What to produce:
Ignoring pictures, transcribe exactly the lines between the one containing "Automobilinė kėdutė 4Baby" and the end of the material, both included.

Listed entries:
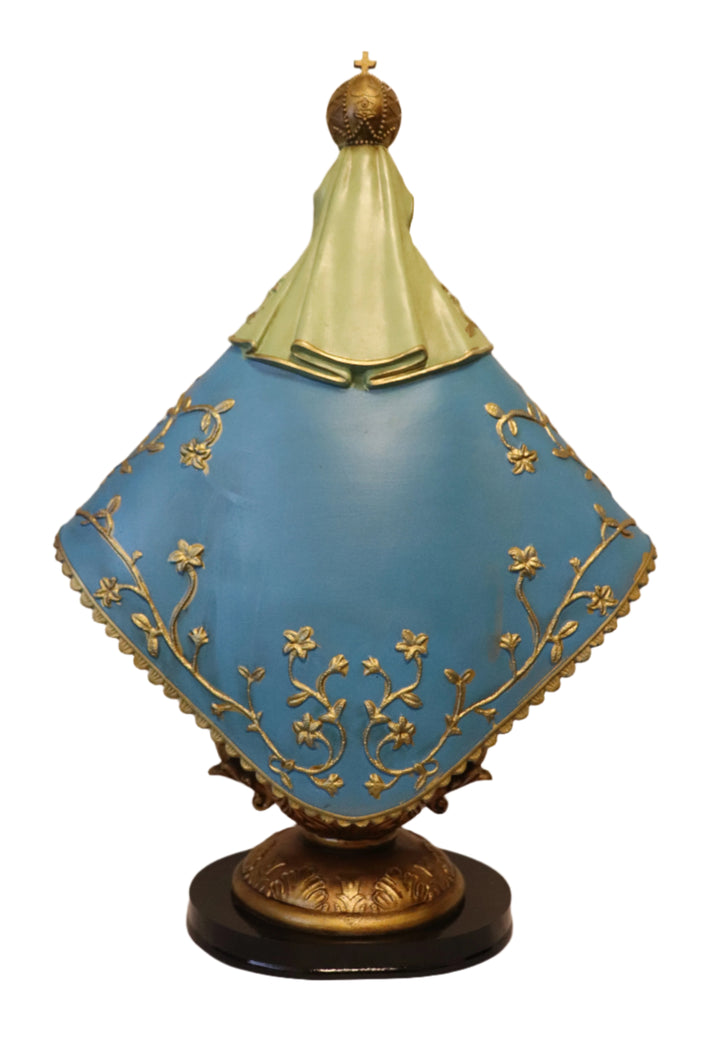 18" San Juan De Los Lagos Statue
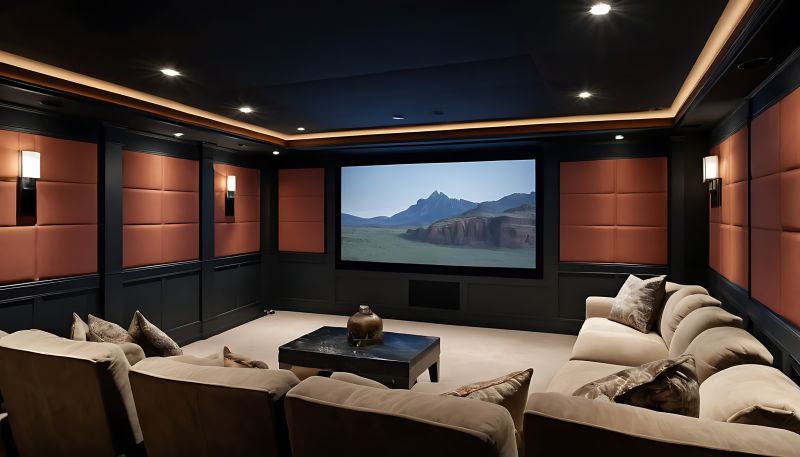 Home Theater Installation in Provo, UT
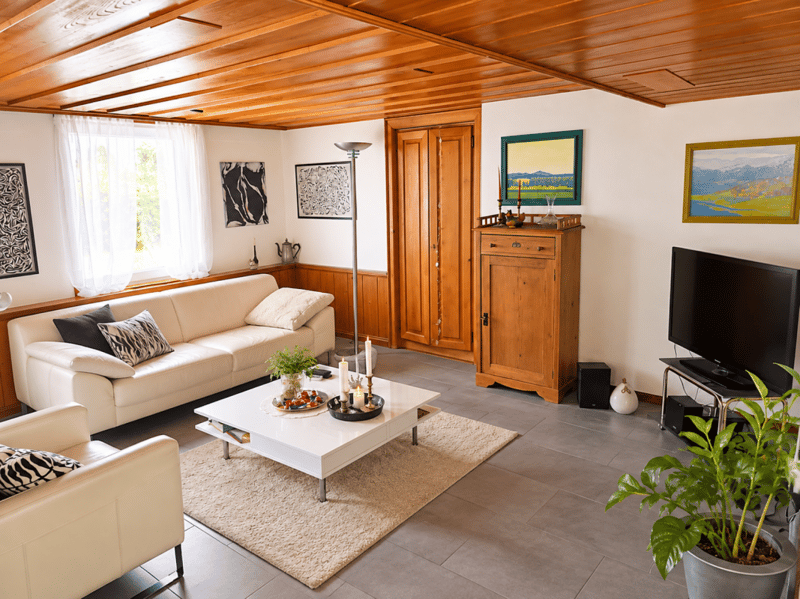 Grosszügige 4.5 Zimmer Wohnung (2)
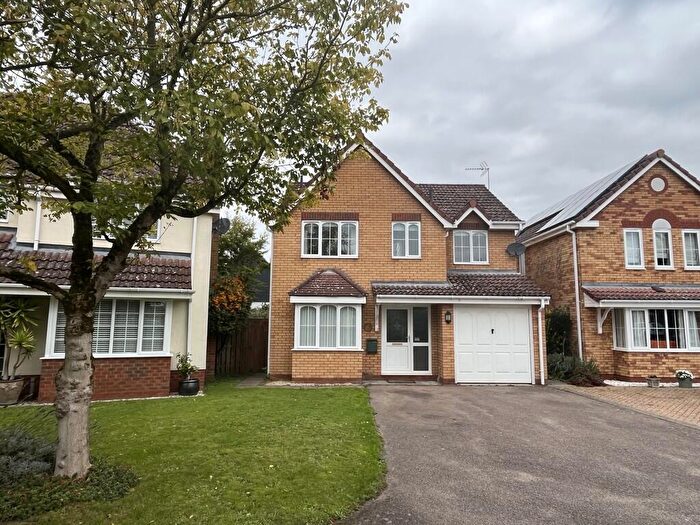 4 Bedroom Detached House To Rent In Crown Mill, Elmswell, IP30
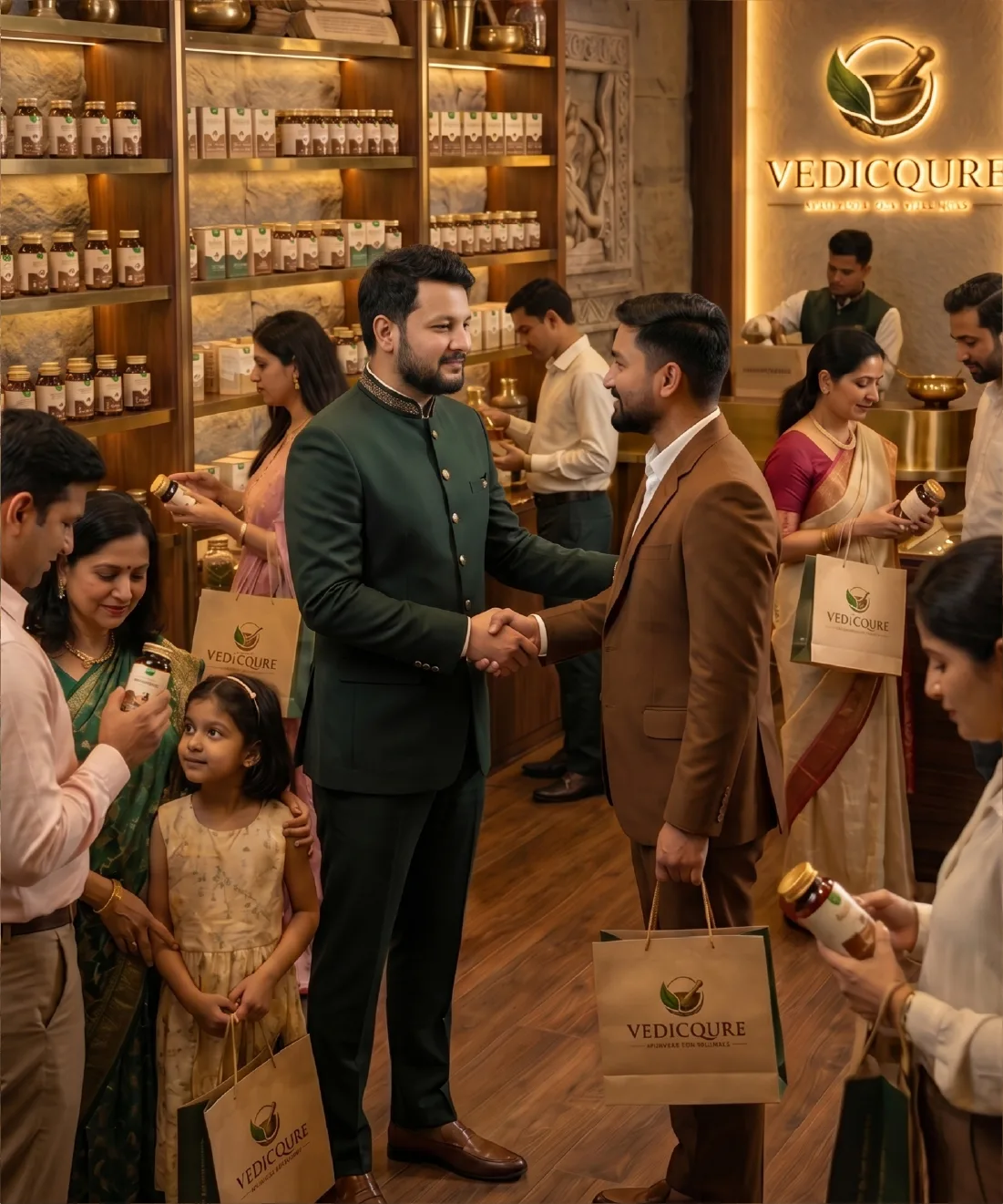 RootMune — after brand strategy: chosen by market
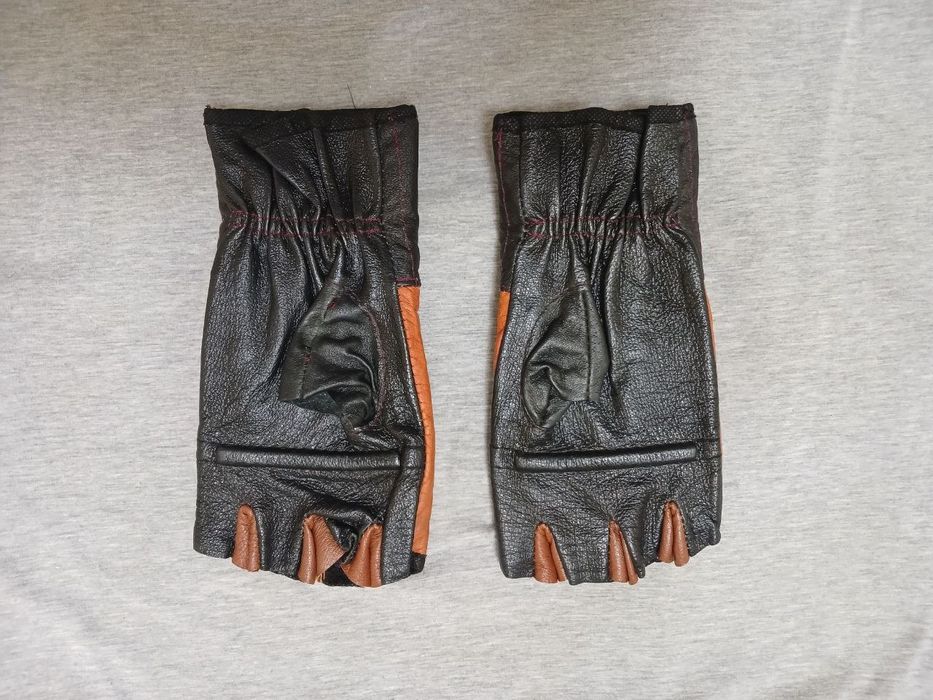 Шингалки кожанные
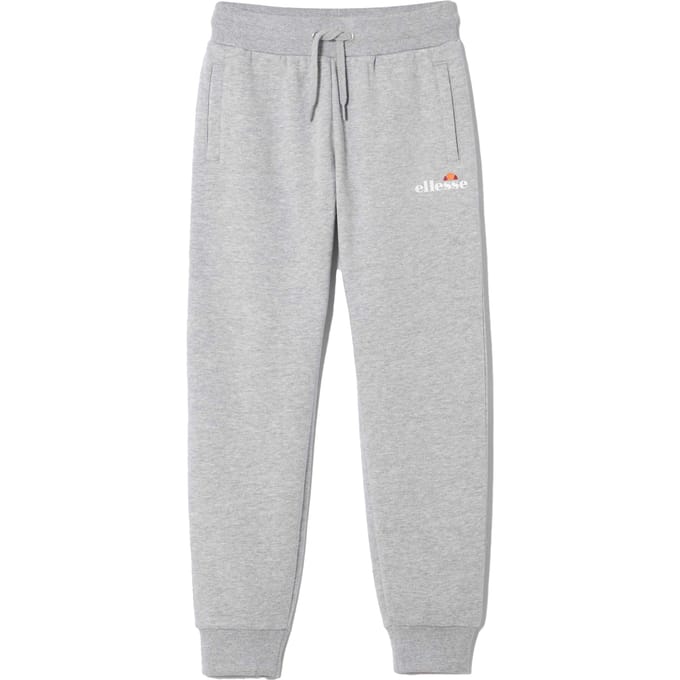 Ellesse Jongens Stasere 2 Joggingbroeken (Lichtgrijs Marl)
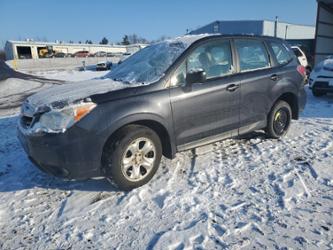 SUBARU FORESTER 2.5I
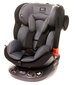 Automobilinė kėdutė 4Baby Space-Fix, 0-36 kg, grey kaina ir informacija | Autokėdutės | pigu.lt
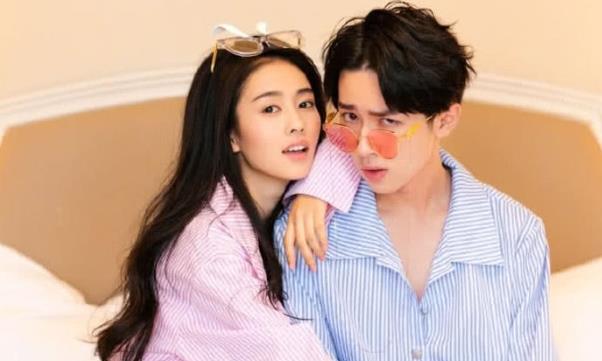 张逸杰和白鹿什么关系,张逸杰白鹿是情侣吗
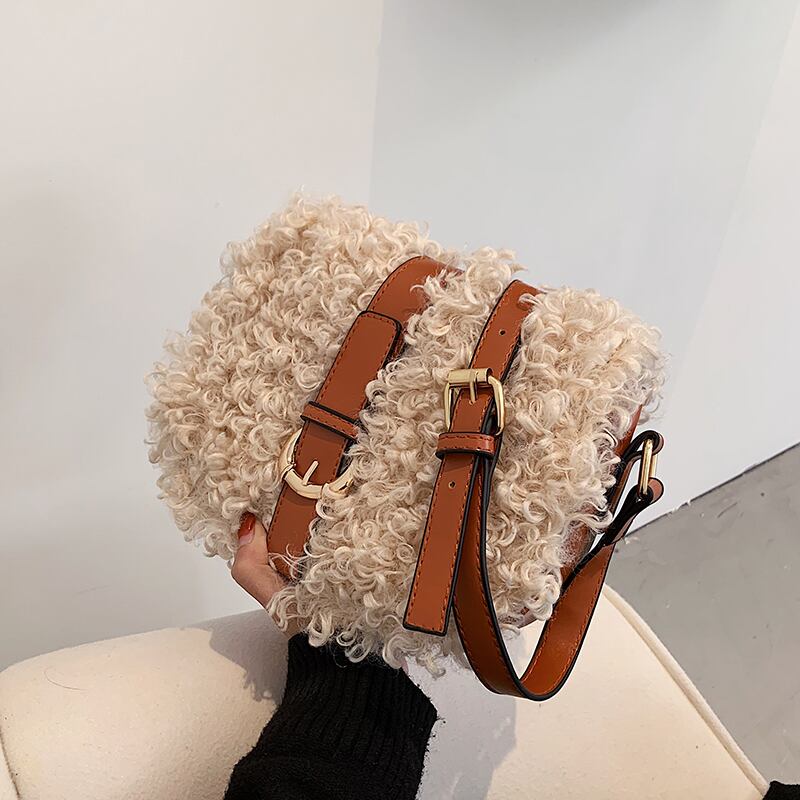 レディース ウィンター 冬物 クロスボディ サドルバッグ シートバッグ Tiancai_Wing_Bag98003573136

Final answer:
 Automobilinė kėdutė 4Baby Space-Fix, 0-36 kg, grey kaina ir informacija | Autokėdutės | pigu.lt
 张逸杰和白鹿什么关系,张逸杰白鹿是情侣吗
 レディース ウィンター 冬物 クロスボディ サドルバッグ シートバッグ Tiancai_Wing_Bag98003573136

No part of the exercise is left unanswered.